# redfish, trout, or flounder close to boat ramp / PFA



## Cpulley1 (Jul 1, 2014)

I recently bought the worlds sketchiest canoe and was hoping someone could suggest a spot a short paddle from Sunbury docks (st cats) or another public area that might give me a hit on something besides whiting and shark. This canoe is extensively sun damaged and has seen lots of repair. Going to patch a leak and give it a rubber coating but not 100% confident in it yet. Since I haven't had a boat and don't know the waterways beyond what I can see from shore I was hoping someone could point me in the right direction before I spend all day paddling aimlessly.


----------



## BigRedObsession (Jul 2, 2014)

When you find a good spot in that area that's a short paddle let me know first. I've done good at high tide fishing the grass line on the bank to the right leaving the ramp. But that was just a time or two. 

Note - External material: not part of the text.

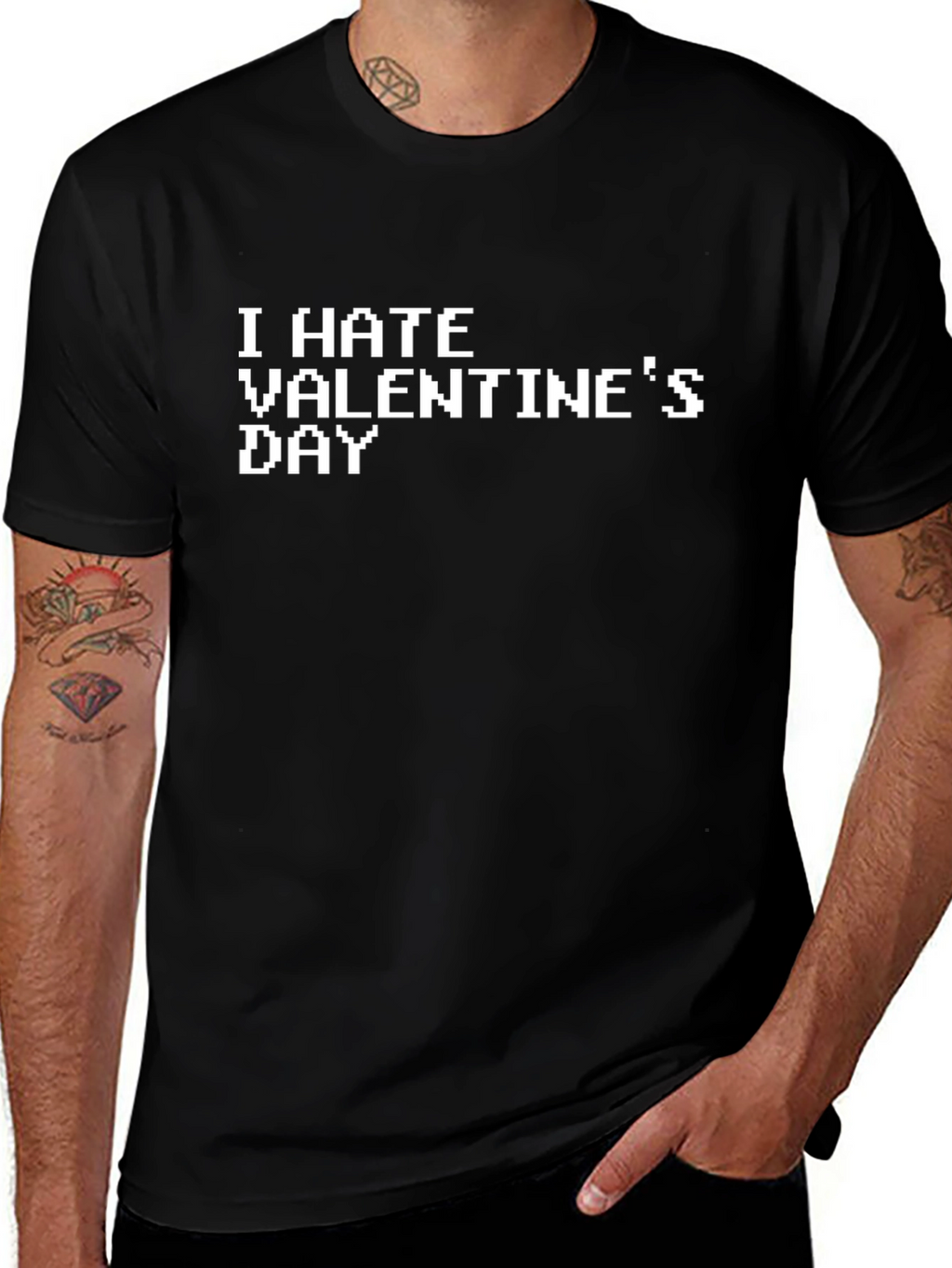 I Hate Valentines Day Pixel T-Shirt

My suggestion would be to drive to either Savannah or Brunswick beaches and fish closer to the sounds.


----------



## Cpulley1 (Jul 2, 2014)

Thanks for the suggestion. St. Cat's doesn't seem to be a very favored fishing hole


----------



## shawncweed (Jul 2, 2014)

Have you tried across the Medway River and put in at the public boat ramp at Demeries Creek?  I know it's a bit of a drive over from Sunbury to Richmond Hill, but the creek there is more sheltered than Sunbury and it has access to lots of little creeks for shrimp, whiting, croaker, trout, flounder, etc...it does lead out to the Medway too if you want to work your way down the banks... 
link is below:

http://coastalgadnr.org/node/2104


----------



## Cpulley1 (Jul 2, 2014)

Didn't even know about it! That sounds perfect on an outgoing tide. Still new to saltwater fishing and not sure where I should be looking for my target catch. When I get the canoe patched up I'll give it a shot!


----------



## shawncweed (Jul 2, 2014)

It's rarely ever crowded and the DNR guys there will have maps and stuff for free...plus if you make contact with them you can get their contact number in case you have an issue and they can help you out...If you get some confidence in your canoe and you are feeling adventurous, there are some great fishing spots on the north side of the Medway...One of my favorites is Grass Island (also called the Medway Spit on the charts) and is located right at 5 miles down river from where Demeries Creek hits the Medway...its a great little island that almost disappears at high tide...lots of fish there and last year in AUG my wife and I saw Manatee there...It's a haul in a canoe, but like you said if you catch the tide on the way out...hang out for a while...then take it back in...it wouldn't be that bad...and it would be a cool adventure...there is a guy up on the Tivoli River there I see trolling in his pedal kayak...looks like fun.  Good luck! Oh...and it's free to put in at Demeries too...


----------



## shallowminded (Jul 3, 2014)

Demeries is a good suggestion for a starting point. Make sure you have a chart and a tall flag for the canoe. There are some idiots out there. The Medway can kick up in a hurry so pick your day carefully if you venture out to Grass Island.


----------